Descriptive Statistics for Untransformed Variables for Milwaukee Block Groups.
Note: N = 572.
Descriptive Statistics for Transformed Variables for Milwaukee Block Groups.
Note: N = 572.
Table 3 shows the results of assault density regressed on on-premise and off-premise alcohol outlet density and control variables. Model 1 shows the results for morning assault density, suggesting that the availability of both on-premise and of off-premise alcohol outlets was unrelated to morning assault density (b = −.04, p = .21; b = .04, p = .46, respectively). Similarly, the results of model 2 for daytime assault density suggest that both on-premise and off-premise alcohol outlets were unrelated to daytime assault density (b = .02, p = .54; b = −.00, p = .94, respectively). However, the results for evening and late-night assaults provide evidence that alcohol outlets matter for assaults occurring during these temporal categories. Model 3 results suggest that on-premise alcohol outlets were negatively associated with evening assaults (b = −.11, p = .00), and off-premise alcohol outlets were positively related to evening assaults (b = .11, p = .04). Lastly, the results of model 4 suggest that while on-premise alcohol outlets were unrelated to late-night assaults (b = .04, p = .31), off-premise alcohol outlets were positively associated with late-night assaults (b = .23, p = .00). With the exception of the spatial lag (ρ) term for the morning assaults model (b = .11, p = .06), the spatial lag (ρ) terms were significant contributors to the models 2–4 (b = .29, p = .00; b = .32, p = .00; and b = .34, p = .00, respectively). The value of R 2 for models 1–4 ranged from .37 (for morning assault density) to .72 (for late-night assault density), and as indicated by the value of multicollinearity condition number value of 13.78, correlation between the control variables was not a problem for models 1–4 (Anselin 2004).

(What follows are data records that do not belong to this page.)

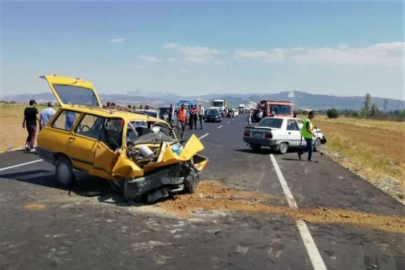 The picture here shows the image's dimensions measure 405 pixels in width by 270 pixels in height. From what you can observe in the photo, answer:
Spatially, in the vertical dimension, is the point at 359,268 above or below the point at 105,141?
below

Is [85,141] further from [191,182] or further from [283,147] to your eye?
[283,147]

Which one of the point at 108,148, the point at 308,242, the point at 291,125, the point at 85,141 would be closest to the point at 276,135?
the point at 291,125

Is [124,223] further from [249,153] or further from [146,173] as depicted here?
[249,153]

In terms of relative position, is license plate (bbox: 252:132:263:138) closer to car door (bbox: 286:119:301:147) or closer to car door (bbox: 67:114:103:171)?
car door (bbox: 286:119:301:147)

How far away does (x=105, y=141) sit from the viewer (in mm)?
8891

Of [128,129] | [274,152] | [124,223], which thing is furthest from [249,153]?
[124,223]

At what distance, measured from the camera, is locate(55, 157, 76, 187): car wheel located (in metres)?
9.30

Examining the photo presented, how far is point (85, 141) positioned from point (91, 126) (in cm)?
42

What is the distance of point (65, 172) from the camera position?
9.41 metres

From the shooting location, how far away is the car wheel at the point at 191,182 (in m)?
8.72

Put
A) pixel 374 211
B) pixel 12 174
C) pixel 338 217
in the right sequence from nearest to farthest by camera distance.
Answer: pixel 338 217 < pixel 374 211 < pixel 12 174

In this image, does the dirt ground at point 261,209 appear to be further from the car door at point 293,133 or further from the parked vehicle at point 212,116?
the parked vehicle at point 212,116

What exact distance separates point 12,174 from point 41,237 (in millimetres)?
5332

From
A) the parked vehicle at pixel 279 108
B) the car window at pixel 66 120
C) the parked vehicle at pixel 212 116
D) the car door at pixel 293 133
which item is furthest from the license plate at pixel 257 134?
the parked vehicle at pixel 212 116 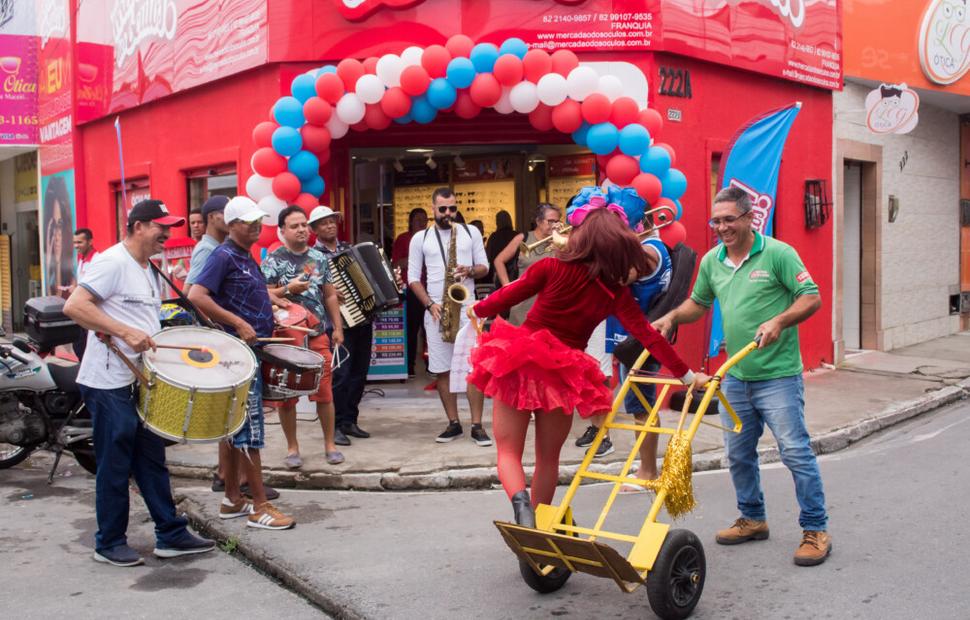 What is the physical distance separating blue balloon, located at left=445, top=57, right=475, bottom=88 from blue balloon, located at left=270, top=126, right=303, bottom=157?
146cm

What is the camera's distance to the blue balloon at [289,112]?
8.75 meters

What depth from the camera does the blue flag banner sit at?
9922 millimetres

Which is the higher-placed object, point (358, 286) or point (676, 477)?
point (358, 286)

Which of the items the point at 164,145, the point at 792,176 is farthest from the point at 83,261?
the point at 792,176

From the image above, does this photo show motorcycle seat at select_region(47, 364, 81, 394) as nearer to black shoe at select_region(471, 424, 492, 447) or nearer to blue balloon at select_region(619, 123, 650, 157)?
black shoe at select_region(471, 424, 492, 447)

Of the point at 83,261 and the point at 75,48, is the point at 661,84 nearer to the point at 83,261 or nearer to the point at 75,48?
the point at 83,261

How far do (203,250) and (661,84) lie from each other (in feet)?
16.8

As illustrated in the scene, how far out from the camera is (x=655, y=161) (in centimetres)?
864

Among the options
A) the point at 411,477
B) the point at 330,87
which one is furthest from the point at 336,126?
the point at 411,477

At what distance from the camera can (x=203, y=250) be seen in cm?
692

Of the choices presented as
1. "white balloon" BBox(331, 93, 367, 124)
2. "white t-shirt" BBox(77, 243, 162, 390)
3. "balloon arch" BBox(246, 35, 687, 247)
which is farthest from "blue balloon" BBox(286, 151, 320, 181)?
"white t-shirt" BBox(77, 243, 162, 390)

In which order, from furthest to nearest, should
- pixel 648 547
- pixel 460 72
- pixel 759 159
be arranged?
pixel 759 159, pixel 460 72, pixel 648 547

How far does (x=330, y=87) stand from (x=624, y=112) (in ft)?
8.57

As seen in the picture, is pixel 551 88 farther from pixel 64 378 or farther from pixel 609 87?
pixel 64 378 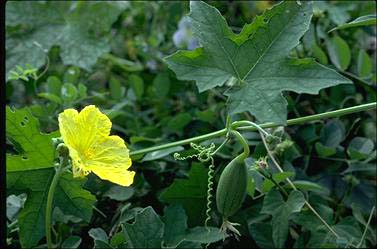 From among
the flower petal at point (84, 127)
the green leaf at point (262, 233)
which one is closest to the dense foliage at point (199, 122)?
the green leaf at point (262, 233)

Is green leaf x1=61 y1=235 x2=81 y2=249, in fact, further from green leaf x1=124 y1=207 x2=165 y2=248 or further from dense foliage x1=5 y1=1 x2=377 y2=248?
green leaf x1=124 y1=207 x2=165 y2=248

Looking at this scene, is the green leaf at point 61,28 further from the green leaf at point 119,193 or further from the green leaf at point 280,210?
the green leaf at point 280,210

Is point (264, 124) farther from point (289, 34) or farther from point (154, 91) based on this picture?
point (154, 91)

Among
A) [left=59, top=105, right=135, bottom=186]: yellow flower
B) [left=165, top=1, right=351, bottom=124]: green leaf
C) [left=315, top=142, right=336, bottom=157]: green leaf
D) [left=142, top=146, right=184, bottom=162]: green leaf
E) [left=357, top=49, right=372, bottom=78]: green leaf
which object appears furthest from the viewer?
[left=357, top=49, right=372, bottom=78]: green leaf

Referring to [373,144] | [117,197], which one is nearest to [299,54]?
[373,144]

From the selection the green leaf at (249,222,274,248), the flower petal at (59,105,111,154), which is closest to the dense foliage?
the green leaf at (249,222,274,248)

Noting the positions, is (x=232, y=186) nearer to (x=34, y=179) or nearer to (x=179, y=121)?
(x=34, y=179) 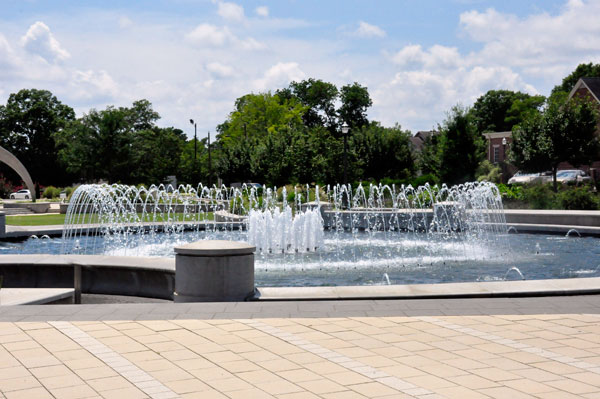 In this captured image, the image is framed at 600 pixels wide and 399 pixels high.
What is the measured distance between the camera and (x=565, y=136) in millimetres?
42531

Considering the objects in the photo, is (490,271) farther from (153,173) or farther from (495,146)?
(495,146)

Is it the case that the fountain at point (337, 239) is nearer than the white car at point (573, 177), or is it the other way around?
the fountain at point (337, 239)

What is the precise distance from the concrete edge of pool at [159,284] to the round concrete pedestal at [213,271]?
0.33 m

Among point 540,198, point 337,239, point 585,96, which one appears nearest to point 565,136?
point 585,96

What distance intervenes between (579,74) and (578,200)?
60976mm

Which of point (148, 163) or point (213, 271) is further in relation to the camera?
point (148, 163)

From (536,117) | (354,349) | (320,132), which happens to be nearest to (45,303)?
(354,349)

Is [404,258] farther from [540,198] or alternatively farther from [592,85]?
[592,85]

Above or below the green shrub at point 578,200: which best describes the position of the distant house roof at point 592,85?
above

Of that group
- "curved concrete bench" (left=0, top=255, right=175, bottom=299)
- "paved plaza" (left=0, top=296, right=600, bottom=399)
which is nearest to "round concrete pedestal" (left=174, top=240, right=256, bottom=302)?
"paved plaza" (left=0, top=296, right=600, bottom=399)

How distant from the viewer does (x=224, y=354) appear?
5777 mm

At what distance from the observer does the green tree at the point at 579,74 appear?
75188 millimetres

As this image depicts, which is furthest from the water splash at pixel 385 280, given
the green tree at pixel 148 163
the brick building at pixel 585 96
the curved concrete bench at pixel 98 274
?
the green tree at pixel 148 163

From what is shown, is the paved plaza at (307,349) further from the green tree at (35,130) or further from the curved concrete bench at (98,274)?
the green tree at (35,130) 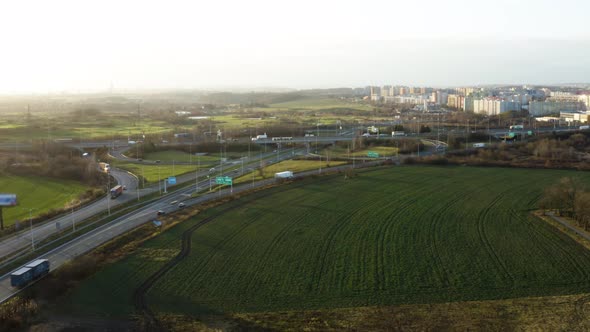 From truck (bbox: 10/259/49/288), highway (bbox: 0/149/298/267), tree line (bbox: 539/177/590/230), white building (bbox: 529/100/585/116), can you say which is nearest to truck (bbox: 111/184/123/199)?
highway (bbox: 0/149/298/267)

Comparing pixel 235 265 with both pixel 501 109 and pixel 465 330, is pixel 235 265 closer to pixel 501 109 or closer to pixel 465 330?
pixel 465 330

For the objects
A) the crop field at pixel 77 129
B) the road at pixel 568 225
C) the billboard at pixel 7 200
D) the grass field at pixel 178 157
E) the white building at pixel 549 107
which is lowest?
the road at pixel 568 225

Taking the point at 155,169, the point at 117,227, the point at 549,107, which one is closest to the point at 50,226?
the point at 117,227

Assault Density Regressed on Alcohol Outlet Density and Control Variables for Milwaukee Block Groups.
Note: N = 572. AIC = Akaike information criterion; SC = Schwarz criterion.
As expected, the negative association between on-premise density and evening assault density can be explained by the guardianship by patrons and outlet staff provided by on-premises, who may act quickly to deescalate conflicts. As such, areas with high on-premise alcohol outlet density have low evening assault density. The role of off-premises was most evident for evening assaults and late-night assaults, findings that can be interpreted due to consumption of beverages in private settings that often lack capable guardians. In other words, areas with high off-premise density also have high evening and late-night assault density.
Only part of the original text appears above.